> _Aim of the exercise_
A faithful transcription of all the entries below is needed, without the pictures.

Material supplied section start

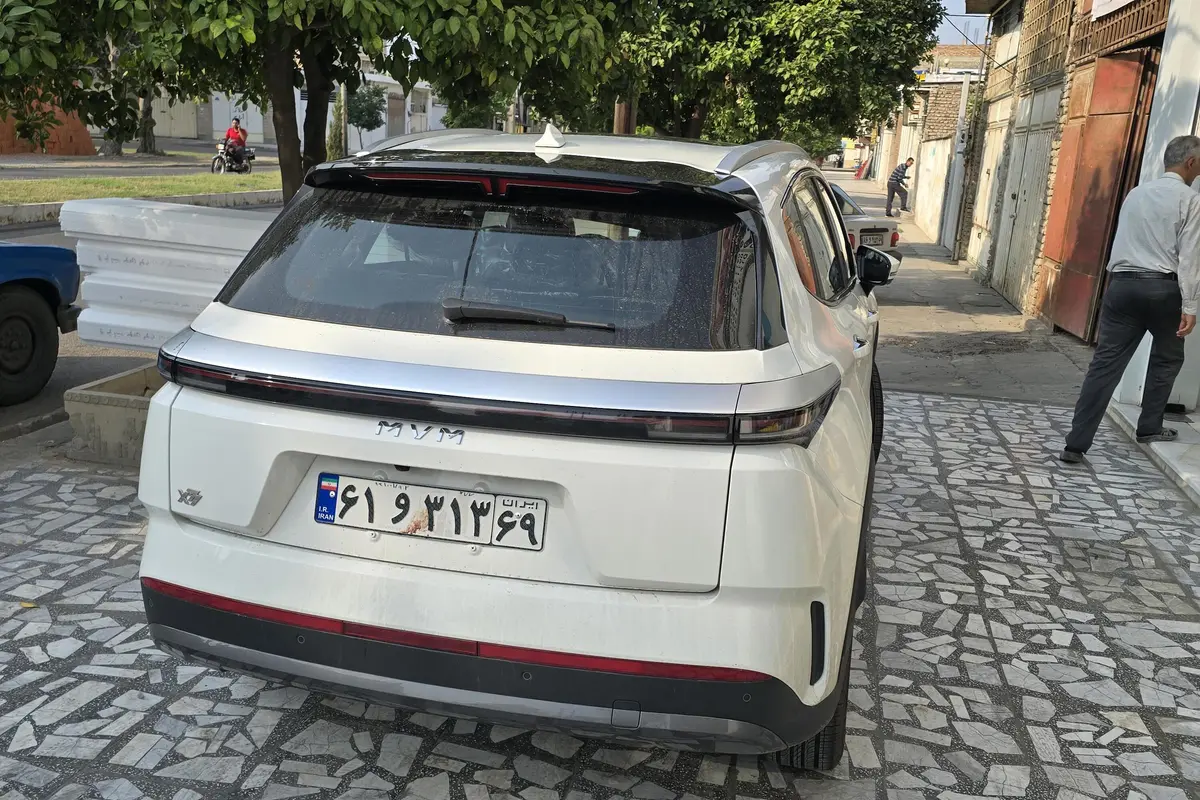 ام وی ام،  X77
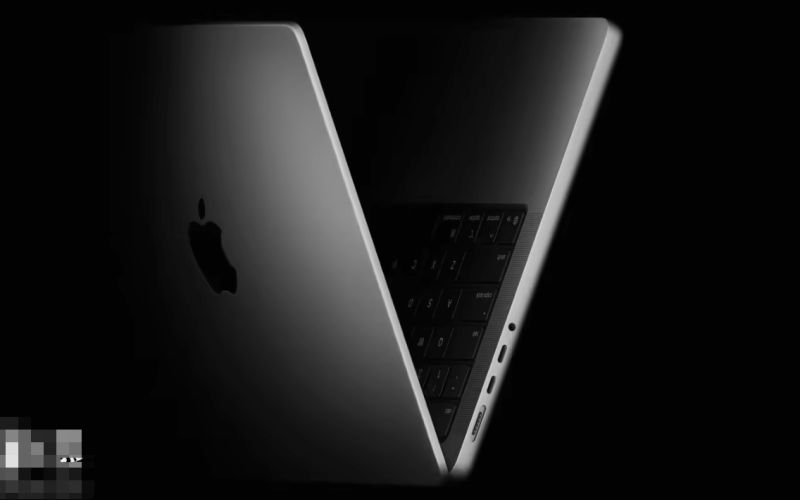 Apple M5 MacBook Pro makes noise, Apple Store refuses to exchange.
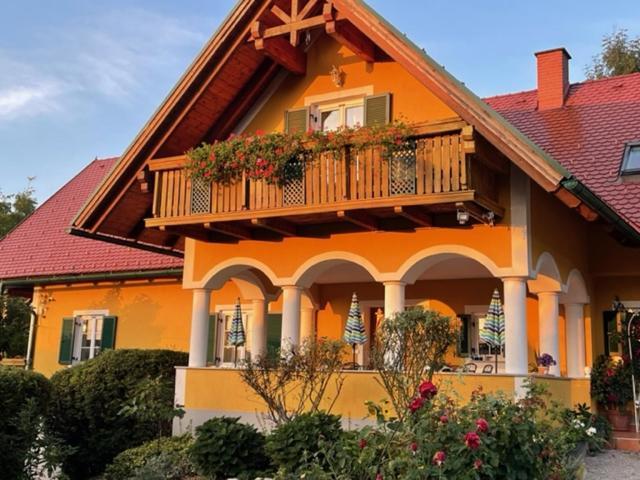 Weingut - Ferienhaus Sonja Rohrbacher Gamlitz Exterior foto
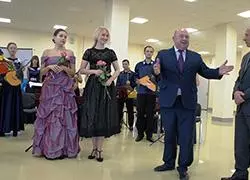 Музыка на работе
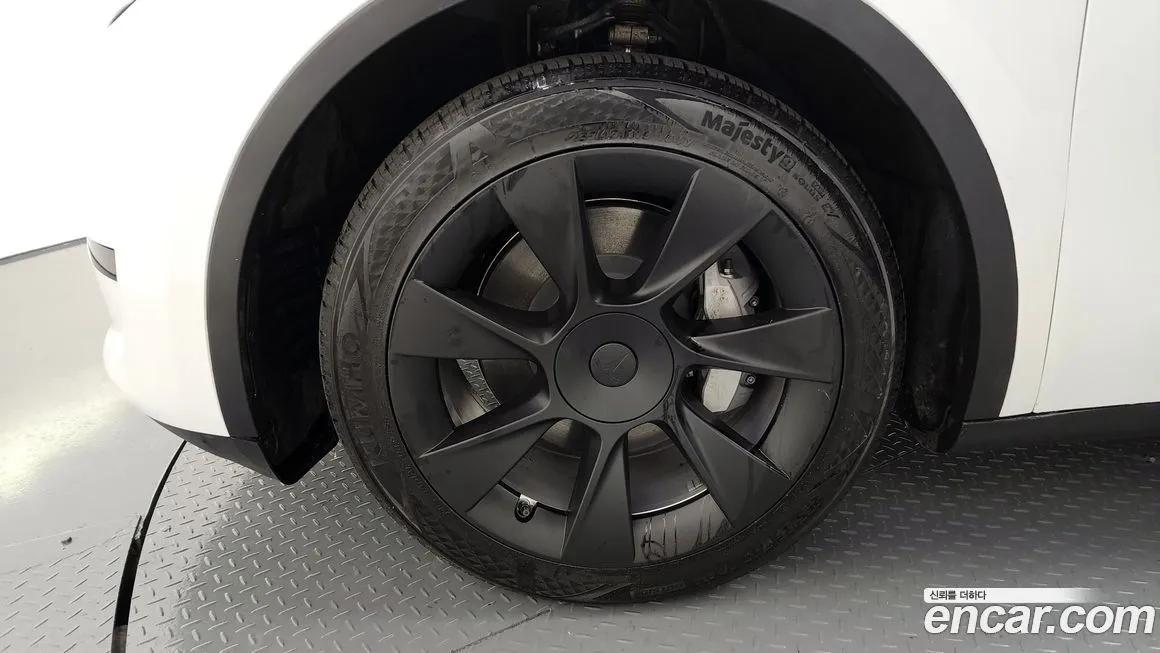 Tesla Model Y 2024 из KR, фото 7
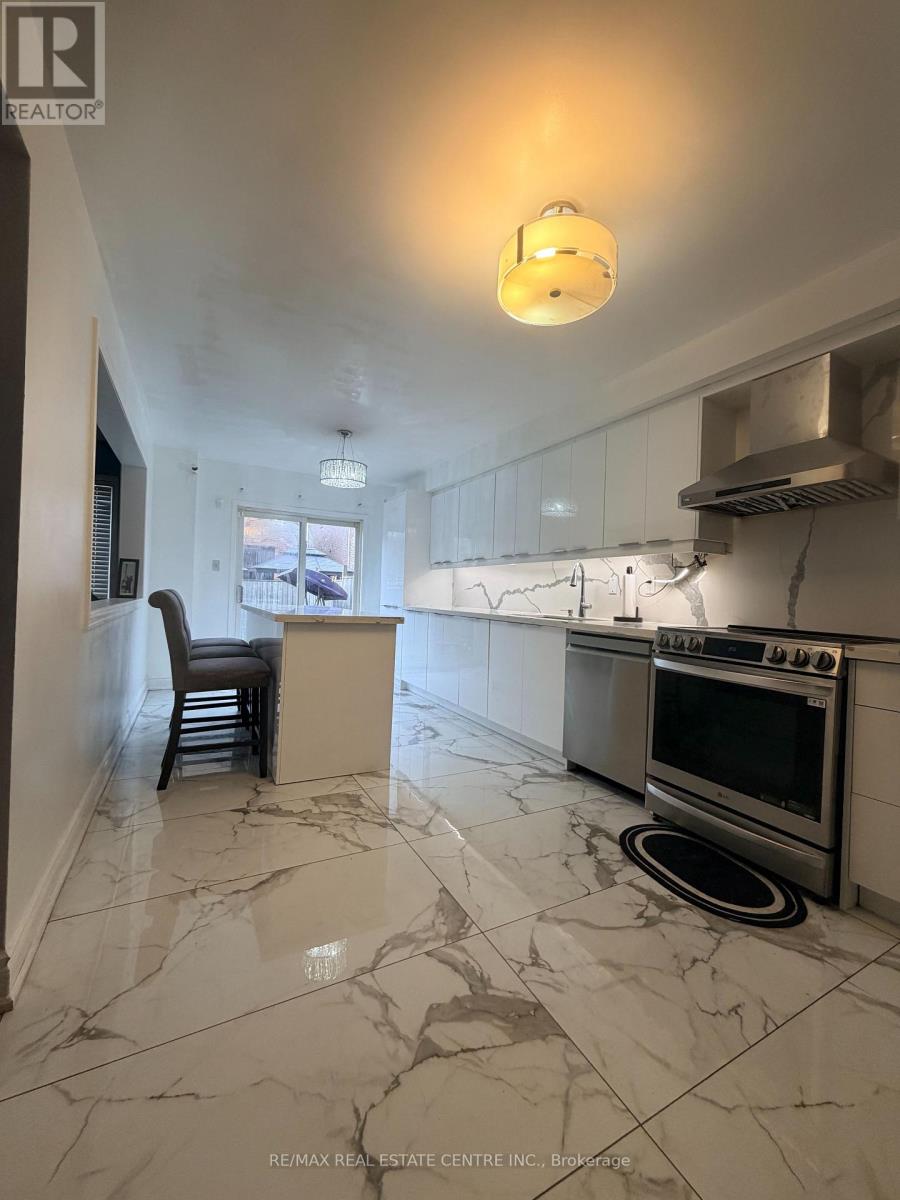 23 Capistro Street, Brampton, Ontario  L7A 3J2 - Photo 8 - W12481607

Material supplied section end

> _Response_
 ام وی ام،  X77
 Apple M5 MacBook Pro makes noise, Apple Store refuses to exchange.
 Weingut - Ferienhaus Sonja Rohrbacher Gamlitz Exterior foto
 Музыка на работе
 Tesla Model Y 2024 из KR, фото 7
 23 Capistro Street, Brampton, Ontario  L7A 3J2 - Photo 8 - W12481607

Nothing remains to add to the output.